If you're investing for goals that are more than a decade away, the answer to that question is a definite "no." But there are times when it's perfectly reasonable to take some chips off the table. Here are a few of them:

If you haven't touched your account in years. Let's say you put $60,000 in the Vanguard Total Stock Market Index fund (VTSMX) and $40,000 in Vanguard Total Bond Market Index (VBMFX) eight years ago, having decided back then that a 60% stock/40% bond mix was appropriate for your goals. You then spent the next eight years in a cave in Nepal.

Upon your return, your portfolio shifted to 80% stocks/ 20% bonds. At this point, it's time to rebalance, or sell enough from your stock fund to replenish your bond stake to get back to your original 60/40 approach. You may lose something in future gains, but you'll be at a risk level that keeps you from waking up at night shouting, "I'm ruined!"
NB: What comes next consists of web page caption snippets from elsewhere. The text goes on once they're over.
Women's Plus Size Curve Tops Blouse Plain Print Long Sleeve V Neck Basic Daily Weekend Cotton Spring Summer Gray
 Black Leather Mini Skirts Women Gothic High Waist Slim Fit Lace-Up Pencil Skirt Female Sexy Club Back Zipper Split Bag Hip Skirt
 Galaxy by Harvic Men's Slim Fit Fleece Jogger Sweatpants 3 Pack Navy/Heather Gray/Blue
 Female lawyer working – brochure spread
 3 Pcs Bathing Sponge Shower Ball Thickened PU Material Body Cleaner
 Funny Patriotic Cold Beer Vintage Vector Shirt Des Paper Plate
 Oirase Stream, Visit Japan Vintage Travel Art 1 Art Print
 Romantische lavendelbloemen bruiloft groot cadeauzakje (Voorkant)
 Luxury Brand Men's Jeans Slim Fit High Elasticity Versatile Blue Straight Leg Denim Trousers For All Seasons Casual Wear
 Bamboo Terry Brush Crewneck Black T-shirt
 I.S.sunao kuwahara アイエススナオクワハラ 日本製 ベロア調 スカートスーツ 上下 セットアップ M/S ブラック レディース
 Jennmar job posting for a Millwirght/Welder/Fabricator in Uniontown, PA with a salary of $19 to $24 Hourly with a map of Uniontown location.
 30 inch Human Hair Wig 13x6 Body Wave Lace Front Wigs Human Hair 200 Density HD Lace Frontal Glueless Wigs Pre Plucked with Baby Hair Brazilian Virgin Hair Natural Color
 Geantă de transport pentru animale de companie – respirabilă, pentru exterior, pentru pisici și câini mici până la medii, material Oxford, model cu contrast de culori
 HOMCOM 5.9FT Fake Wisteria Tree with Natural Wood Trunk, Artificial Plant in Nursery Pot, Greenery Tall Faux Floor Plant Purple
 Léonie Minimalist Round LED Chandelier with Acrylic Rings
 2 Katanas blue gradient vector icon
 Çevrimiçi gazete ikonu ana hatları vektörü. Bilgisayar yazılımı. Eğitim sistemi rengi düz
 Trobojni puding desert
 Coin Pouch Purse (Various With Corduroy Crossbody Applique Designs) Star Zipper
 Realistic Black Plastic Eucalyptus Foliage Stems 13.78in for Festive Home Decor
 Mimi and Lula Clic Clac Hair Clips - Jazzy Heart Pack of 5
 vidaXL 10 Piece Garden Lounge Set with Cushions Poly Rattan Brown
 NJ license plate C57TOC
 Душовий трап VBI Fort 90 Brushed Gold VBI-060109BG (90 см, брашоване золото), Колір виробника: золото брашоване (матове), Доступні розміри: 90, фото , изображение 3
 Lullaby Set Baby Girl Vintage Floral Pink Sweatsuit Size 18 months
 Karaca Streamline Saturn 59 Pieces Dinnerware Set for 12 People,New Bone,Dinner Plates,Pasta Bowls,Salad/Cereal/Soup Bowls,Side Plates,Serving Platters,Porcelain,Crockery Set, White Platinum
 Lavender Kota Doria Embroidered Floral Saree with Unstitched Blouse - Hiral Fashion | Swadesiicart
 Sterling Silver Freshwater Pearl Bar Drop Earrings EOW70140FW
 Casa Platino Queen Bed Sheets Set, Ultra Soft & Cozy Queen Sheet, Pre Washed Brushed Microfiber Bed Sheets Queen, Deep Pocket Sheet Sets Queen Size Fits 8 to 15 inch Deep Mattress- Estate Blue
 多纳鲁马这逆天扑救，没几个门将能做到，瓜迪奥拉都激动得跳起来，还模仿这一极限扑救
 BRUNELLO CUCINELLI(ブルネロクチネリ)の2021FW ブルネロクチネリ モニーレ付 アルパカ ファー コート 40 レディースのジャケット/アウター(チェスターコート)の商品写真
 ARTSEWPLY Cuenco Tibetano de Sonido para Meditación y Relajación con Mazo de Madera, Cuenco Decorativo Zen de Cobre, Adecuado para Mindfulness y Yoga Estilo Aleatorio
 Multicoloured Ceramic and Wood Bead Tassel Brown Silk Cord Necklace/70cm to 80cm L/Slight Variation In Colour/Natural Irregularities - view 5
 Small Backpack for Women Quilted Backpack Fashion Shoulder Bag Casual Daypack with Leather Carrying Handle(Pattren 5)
As a rule, rebalance when your mix shifts by 10 percentage points or more.

If you're within five years of hitting a goal. Another reason to take chips off the table: You're closing in on your goals.

Let's say you need $2 million to retire comfortably, and five years out, you're at, say, $1.9 million. If you're 80% in stocks, you can probably cut your exposure and still make your goal.

Even if you're not that close, you still must take your foot off the pedal. Don't and you'll fall further back in a downturn, with too little time to recover.

Sources: EBRI and Morningstar

If you're fearful, but don't fall into these camps. It never makes sense to sell in a panic. But you don't have to quit stocks altogether. A well-diversified portfolio holds different types of equities, including unloved shares. "Lower prices are one way to mitigate investment risks," Lowell says.

So go with "deep value" funds that invest only in extremely low-priced stocks (that are likely to lose less in a pullback) and that let their cash levels rise if they can't find good shares to buy.

One good example: American Beacon Bridgeway Large Cap Value (BWLIX), which holds more cash than its peers but still ranks in the top 10% of its category over the past five years.

The worst reason to sell? Some friend tells you to.

"Going to cash is one of the holy grails of the investment bible," Lowell says. "But there's no Holy Grail in the real Bible, and any claim I've seen about going to cash and getting back in hasn't been true, either."